## Brief descriptive captions
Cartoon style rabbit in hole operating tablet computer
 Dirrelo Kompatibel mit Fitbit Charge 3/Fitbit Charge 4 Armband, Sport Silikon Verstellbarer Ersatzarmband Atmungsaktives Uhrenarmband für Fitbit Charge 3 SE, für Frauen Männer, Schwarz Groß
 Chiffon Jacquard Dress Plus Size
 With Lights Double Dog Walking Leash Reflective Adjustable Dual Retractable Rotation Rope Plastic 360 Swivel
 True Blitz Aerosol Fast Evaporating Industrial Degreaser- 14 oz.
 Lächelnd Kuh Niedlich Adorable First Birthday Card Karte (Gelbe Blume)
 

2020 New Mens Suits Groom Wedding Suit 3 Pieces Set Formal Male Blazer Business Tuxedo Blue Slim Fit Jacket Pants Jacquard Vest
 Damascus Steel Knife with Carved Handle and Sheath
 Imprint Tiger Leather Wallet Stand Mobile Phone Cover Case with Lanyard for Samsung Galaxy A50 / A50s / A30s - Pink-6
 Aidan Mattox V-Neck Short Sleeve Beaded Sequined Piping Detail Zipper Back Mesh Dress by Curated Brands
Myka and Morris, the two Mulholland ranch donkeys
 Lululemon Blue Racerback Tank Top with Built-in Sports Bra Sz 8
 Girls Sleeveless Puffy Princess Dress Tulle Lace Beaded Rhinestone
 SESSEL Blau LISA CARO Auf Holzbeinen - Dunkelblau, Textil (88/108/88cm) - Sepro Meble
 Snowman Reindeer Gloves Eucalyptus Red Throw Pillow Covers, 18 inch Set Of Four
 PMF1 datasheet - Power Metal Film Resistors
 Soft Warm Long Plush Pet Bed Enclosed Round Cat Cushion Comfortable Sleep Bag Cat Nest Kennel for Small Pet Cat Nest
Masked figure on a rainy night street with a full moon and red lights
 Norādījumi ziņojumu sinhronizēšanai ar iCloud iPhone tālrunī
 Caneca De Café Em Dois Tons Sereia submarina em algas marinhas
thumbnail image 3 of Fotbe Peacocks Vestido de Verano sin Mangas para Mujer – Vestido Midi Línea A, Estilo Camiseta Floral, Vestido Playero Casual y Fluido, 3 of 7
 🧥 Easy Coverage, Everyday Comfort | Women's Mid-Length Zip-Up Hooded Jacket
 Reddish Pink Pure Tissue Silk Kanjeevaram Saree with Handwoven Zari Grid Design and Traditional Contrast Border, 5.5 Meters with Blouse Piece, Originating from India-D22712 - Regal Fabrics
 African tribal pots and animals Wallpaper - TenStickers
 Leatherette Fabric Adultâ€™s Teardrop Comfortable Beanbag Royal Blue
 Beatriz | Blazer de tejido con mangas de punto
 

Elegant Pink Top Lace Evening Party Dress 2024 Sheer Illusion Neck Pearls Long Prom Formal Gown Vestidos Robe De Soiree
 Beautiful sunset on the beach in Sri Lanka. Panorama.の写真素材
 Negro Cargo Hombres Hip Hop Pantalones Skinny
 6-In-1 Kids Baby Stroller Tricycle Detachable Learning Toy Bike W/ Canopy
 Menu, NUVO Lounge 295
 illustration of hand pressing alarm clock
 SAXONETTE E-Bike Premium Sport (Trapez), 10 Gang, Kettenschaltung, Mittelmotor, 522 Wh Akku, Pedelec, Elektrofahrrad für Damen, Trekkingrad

## WORK TO BE COMPLETED
Please reproduce each line above exactly as written.

## RESULT OF THIS EXERCISE
Cartoon style rabbit in hole operating tablet computer
 Dirrelo Kompatibel mit Fitbit Charge 3/Fitbit Charge 4 Armband, Sport Silikon Verstellbarer Ersatzarmband Atmungsaktives Uhrenarmband für Fitbit Charge 3 SE, für Frauen Männer, Schwarz Groß
 Chiffon Jacquard Dress Plus Size
 With Lights Double Dog Walking Leash Reflective Adjustable Dual Retractable Rotation Rope Plastic 360 Swivel
 True Blitz Aerosol Fast Evaporating Industrial Degreaser- 14 oz.
 Lächelnd Kuh Niedlich Adorable First Birthday Card Karte (Gelbe Blume)
 

2020 New Mens Suits Groom Wedding Suit 3 Pieces Set Formal Male Blazer Business Tuxedo Blue Slim Fit Jacket Pants Jacquard Vest
 Damascus Steel Knife with Carved Handle and Sheath
 Imprint Tiger Leather Wallet Stand Mobile Phone Cover Case with Lanyard for Samsung Galaxy A50 / A50s / A30s - Pink-6
 Aidan Mattox V-Neck Short Sleeve Beaded Sequined Piping Detail Zipper Back Mesh Dress by Curated Brands
Myka and Morris, the two Mulholland ranch donkeys
 Lululemon Blue Racerback Tank Top with Built-in Sports Bra Sz 8
 Girls Sleeveless Puffy Princess Dress Tulle Lace Beaded Rhinestone
 SESSEL Blau LISA CARO Auf Holzbeinen - Dunkelblau, Textil (88/108/88cm) - Sepro Meble
 Snowman Reindeer Gloves Eucalyptus Red Throw Pillow Covers, 18 inch Set Of Four
 PMF1 datasheet - Power Metal Film Resistors
 Soft Warm Long Plush Pet Bed Enclosed Round Cat Cushion Comfortable Sleep Bag Cat Nest Kennel for Small Pet Cat Nest
Masked figure on a rainy night street with a full moon and red lights
 Norādījumi ziņojumu sinhronizēšanai ar iCloud iPhone tālrunī
 Caneca De Café Em Dois Tons Sereia submarina em algas marinhas
thumbnail image 3 of Fotbe Peacocks Vestido de Verano sin Mangas para Mujer – Vestido Midi Línea A, Estilo Camiseta Floral, Vestido Playero Casual y Fluido, 3 of 7
 🧥 Easy Coverage, Everyday Comfort | Women's Mid-Length Zip-Up Hooded Jacket
 Reddish Pink Pure Tissue Silk Kanjeevaram Saree with Handwoven Zari Grid Design and Traditional Contrast Border, 5.5 Meters with Blouse Piece, Originating from India-D22712 - Regal Fabrics
 African tribal pots and animals Wallpaper - TenStickers
 Leatherette Fabric Adultâ€™s Teardrop Comfortable Beanbag Royal Blue
 Beatriz | Blazer de tejido con mangas de punto
 

Elegant Pink Top Lace Evening Party Dress 2024 Sheer Illusion Neck Pearls Long Prom Formal Gown Vestidos Robe De Soiree
 Beautiful sunset on the beach in Sri Lanka. Panorama.の写真素材
 Negro Cargo Hombres Hip Hop Pantalones Skinny
 6-In-1 Kids Baby Stroller Tricycle Detachable Learning Toy Bike W/ Canopy
 Menu, NUVO Lounge 295
 illustration of hand pressing alarm clock
 SAXONETTE E-Bike Premium Sport (Trapez), 10 Gang, Kettenschaltung, Mittelmotor, 522 Wh Akku, Pedelec, Elektrofahrrad für Damen, Trekkingrad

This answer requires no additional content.